This blog post is part two of a two-part series authored by Pepperdata Field Engineer Jimmy Bates. Bates is a true veteran of the big data world. He speaks from a place of expertise and in-the-trenches experience. This second part describes his discovery within his career at Pepperdata, and his thoughts on how it would have made so many of his previous MapR customers’ lives easier.
For full context here, read our part one.
Pepperdata to the Rescue
I wish I had known of Pepperdata from day one, during my first deployment of Hortonworks. I wish I had used Pepperdata on every Cloudera project I worked on. I wish I had used it on every MapR success.
I could have saved thousands of hours, had I possessed the visibility provided by Pepperdata. It would not have solved all my problems. But it would have allowed me to identify and solve all my problems much faster, and solved some of my tougher production resource problems before I even knew I had them. Pepperdata would have given me 20% of my big data life back.
The GPS of Big Data
I think of Pepperdata as the GPS of Big Data. It continually helps me triangulate my current position on my flight of production success. It helps me in operations, in development, and in planning, as I carry my legacy loads from destination to destination. It gives me feedback to stay on course.
Triangulating Your Current Position
When you have real-world production workloads in big data systems, you always have waste—unless you fully understand every job and have tuned it to perfection. The most obvious benefit I get from Pepperdata? Capacity optimization. This has an immediate impact and takes no effort to implement.
Pepperdata looks at every node in your big data system and compares the resources requested and allocated, to the resources on each instance, to determine what is actually used. It then goes back and adjusts what is reported as available every 30 seconds so that the queues and scheduling rules you have in place have a better understanding of what is still available. This allows new projects where you don’t really know what you need to ask for to access more resources – without fear of turning your big data freeway into a big data parking lot. This works in all major Hadoop offerings and in all cloud-managed Hadoop offerings.
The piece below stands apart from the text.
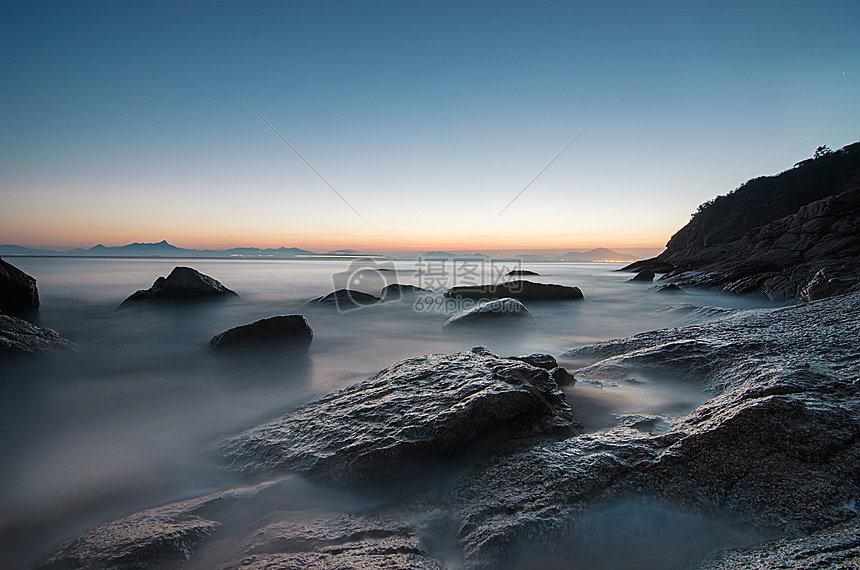 唯美海边夕阳照片图片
The advent of auto-scale cloud services may lead you to think that this problem is already solved. But it’s not.
Why? Because an auto-scale cloud service acts by scaling resources on a cluster-wide view. When X amount of a cluster resource hits specific conditions, the cluster will scale in or out accordingly. Unfortunately, this also scales your waste conditions directly with your consumption needs. A great cost model for the cloud, but not so much for a consumer.